Excerpts from a dataset:
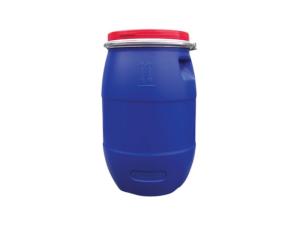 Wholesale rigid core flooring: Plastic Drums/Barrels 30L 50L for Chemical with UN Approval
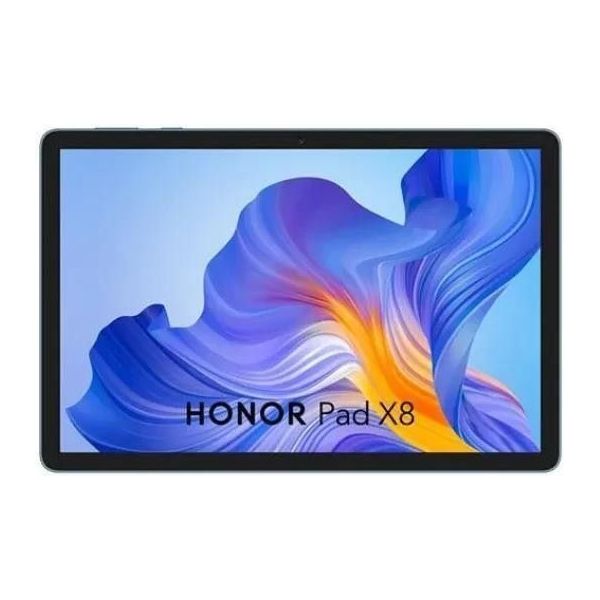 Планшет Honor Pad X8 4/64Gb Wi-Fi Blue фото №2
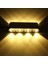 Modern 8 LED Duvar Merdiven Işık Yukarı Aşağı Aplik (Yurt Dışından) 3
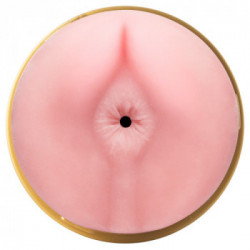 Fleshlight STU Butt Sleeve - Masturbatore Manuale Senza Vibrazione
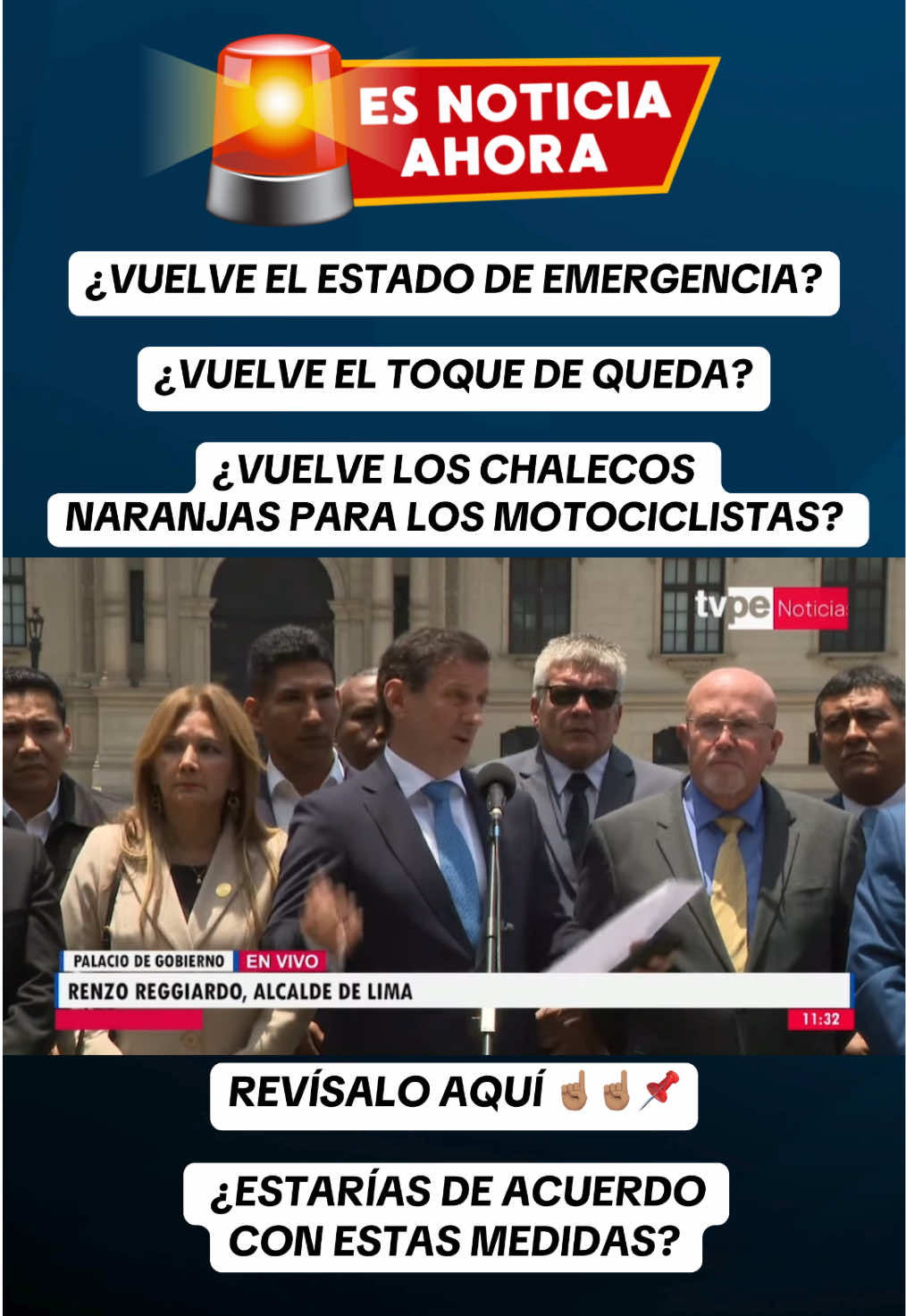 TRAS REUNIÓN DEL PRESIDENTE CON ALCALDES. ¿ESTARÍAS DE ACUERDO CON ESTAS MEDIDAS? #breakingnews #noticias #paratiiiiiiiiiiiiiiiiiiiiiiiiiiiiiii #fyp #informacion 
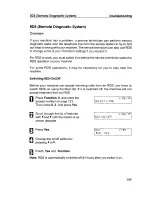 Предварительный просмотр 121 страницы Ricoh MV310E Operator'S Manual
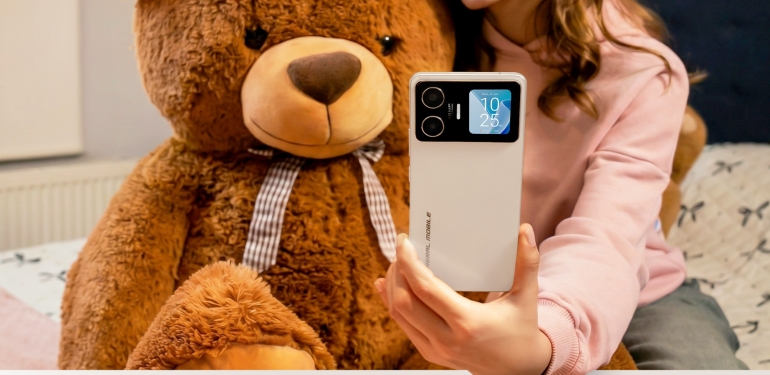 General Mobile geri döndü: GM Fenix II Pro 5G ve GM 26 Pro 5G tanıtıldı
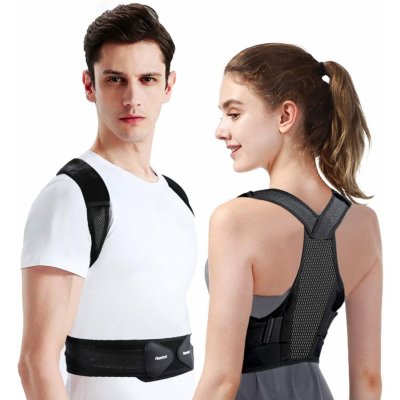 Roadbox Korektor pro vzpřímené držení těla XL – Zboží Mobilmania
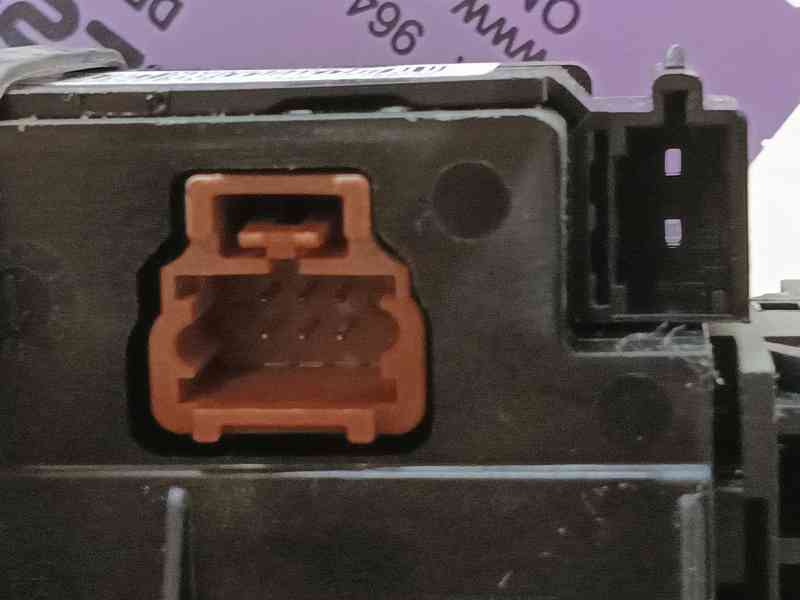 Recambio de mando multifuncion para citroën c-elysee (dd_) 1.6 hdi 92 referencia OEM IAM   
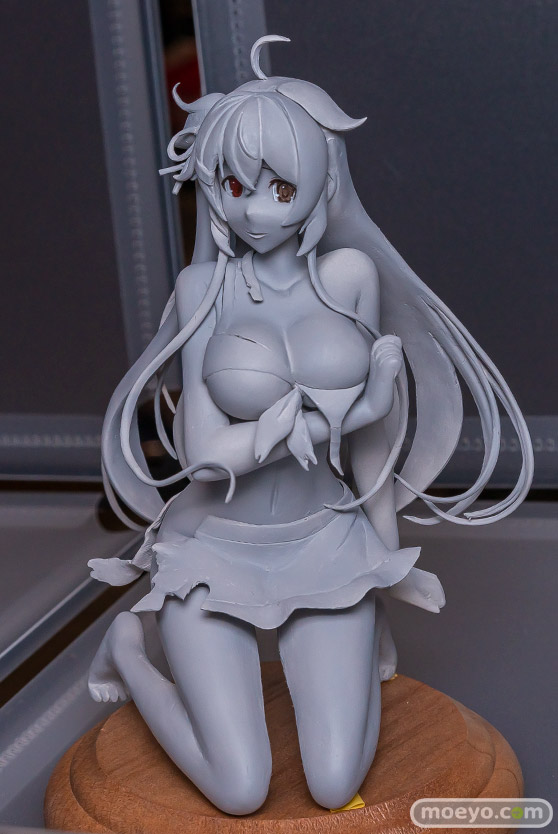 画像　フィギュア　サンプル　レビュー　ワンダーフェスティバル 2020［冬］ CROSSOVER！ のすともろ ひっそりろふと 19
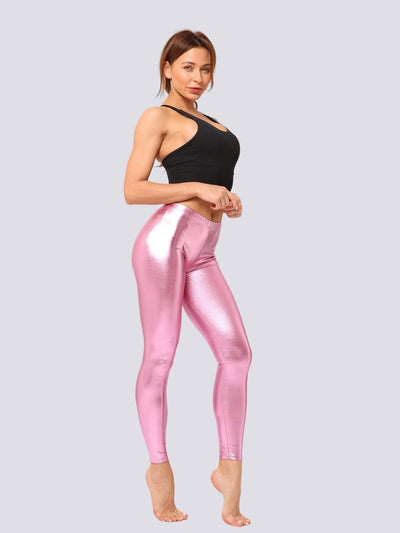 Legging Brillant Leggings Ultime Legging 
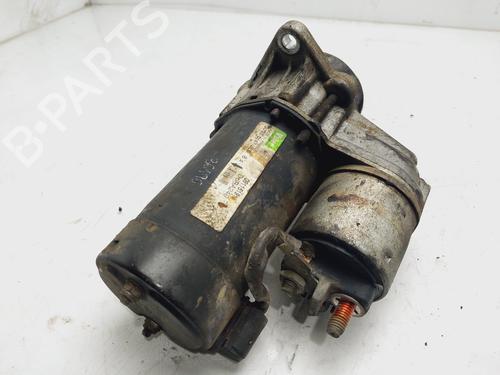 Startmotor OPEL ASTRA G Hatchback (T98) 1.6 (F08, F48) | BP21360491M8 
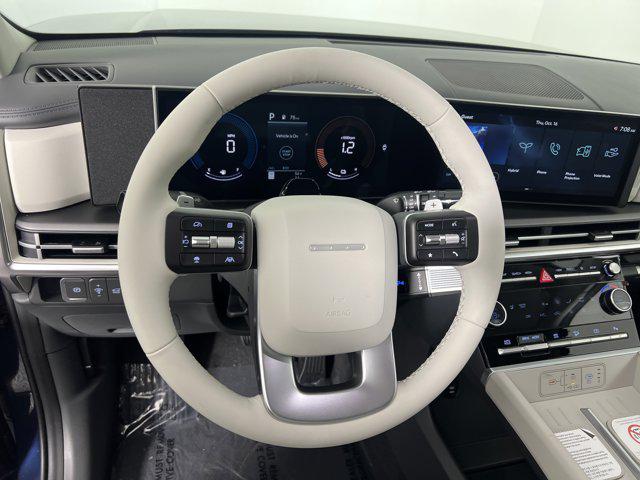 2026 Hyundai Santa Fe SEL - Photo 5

PROBLEM TO SOLVE: No picture belongs in the answer, but every word of the records above does, exactly as given.

TASK ANSWER:
 Wholesale rigid core flooring: Plastic Drums/Barrels 30L 50L for Chemical with UN Approval
 Планшет Honor Pad X8 4/64Gb Wi-Fi Blue фото №2
 Modern 8 LED Duvar Merdiven Işık Yukarı Aşağı Aplik (Yurt Dışından) 3
 Fleshlight STU Butt Sleeve - Masturbatore Manuale Senza Vibrazione
 TRAS REUNIÓN DEL PRESIDENTE CON ALCALDES. ¿ESTARÍAS DE ACUERDO CON ESTAS MEDIDAS? #breakingnews #noticias #paratiiiiiiiiiiiiiiiiiiiiiiiiiiiiiii #fyp #informacion 
 Предварительный просмотр 121 страницы Ricoh MV310E Operator'S Manual
 General Mobile geri döndü: GM Fenix II Pro 5G ve GM 26 Pro 5G tanıtıldı
 Roadbox Korektor pro vzpřímené držení těla XL – Zboží Mobilmania
 Recambio de mando multifuncion para citroën c-elysee (dd_) 1.6 hdi 92 referencia OEM IAM   
 画像　フィギュア　サンプル　レビュー　ワンダーフェスティバル 2020［冬］ CROSSOVER！ のすともろ ひっそりろふと 19
 Legging Brillant Leggings Ultime Legging 
 Startmotor OPEL ASTRA G Hatchback (T98) 1.6 (F08, F48) | BP21360491M8 
 2026 Hyundai Santa Fe SEL - Photo 5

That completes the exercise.